To simplify data migration, postponed PCDM (waiting for it to mature) and only migrated current versions - everything was versioned previously, but none of those versions were intentional or meaningful. Data integrity validation - checksum comparison for individual objects after migration (revalidate against Fedora 3), but that doesn’t tell you if everything made it over. Ended up doing a lot of extra validation - looking at all descriptive metadata, binaries, events, etc. Slowed down ingest, since currently only staff deposit materials. Approach: lock a collection in Fedora 3, migrated it over, unlock it in Fedora 4, and repeat. Moved to RDF metadata before migrating to Fedora 4.

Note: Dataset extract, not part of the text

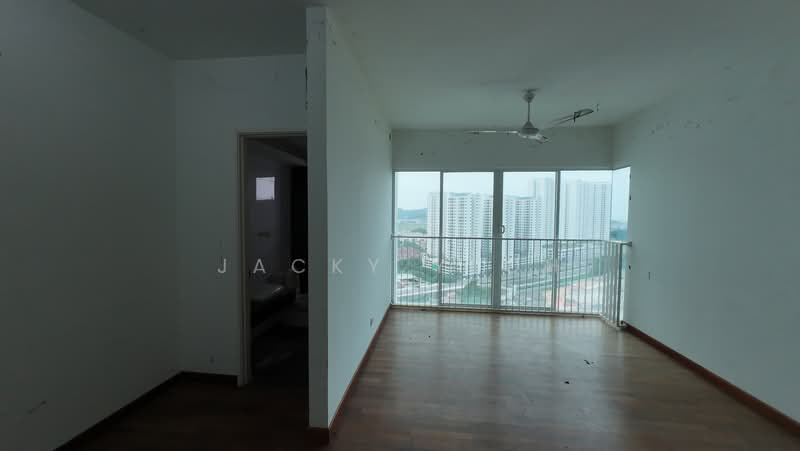 Condominium for Sale at The Clovers - Jacky Yeoh - View - PropertyGuru.com.my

Some things that were great:

  • understanding the technology you’re using, like Fedora 4 running on MySQL (vs. another database backend that isn’t as familiar and easy to maintain)
  • bringing in somebody in with more expertise; community of support and vendor community to draw on

Some things that were not so great:

  • comparing XML in Fedora 3 to RDF in Fedora 4 was hard to check equivalence and migration success
  • using technology that is not well understood or documented, e.g. LevelDB
  • pyramid TIFFs in external datastreams; no external datastream analog in Fedora 4, so needed special handling
  • Java: garbage collection, heap size, concurrent operations, number of workers - 20% of objects in a migration had transient errors (although in every instance it migrated fine on the second pass, except for the fedora-migrate gem 2GB size limit; pull request in place for that)

Conclusion:

  • buy all the RAM
  • don’t trust anything (validate everything)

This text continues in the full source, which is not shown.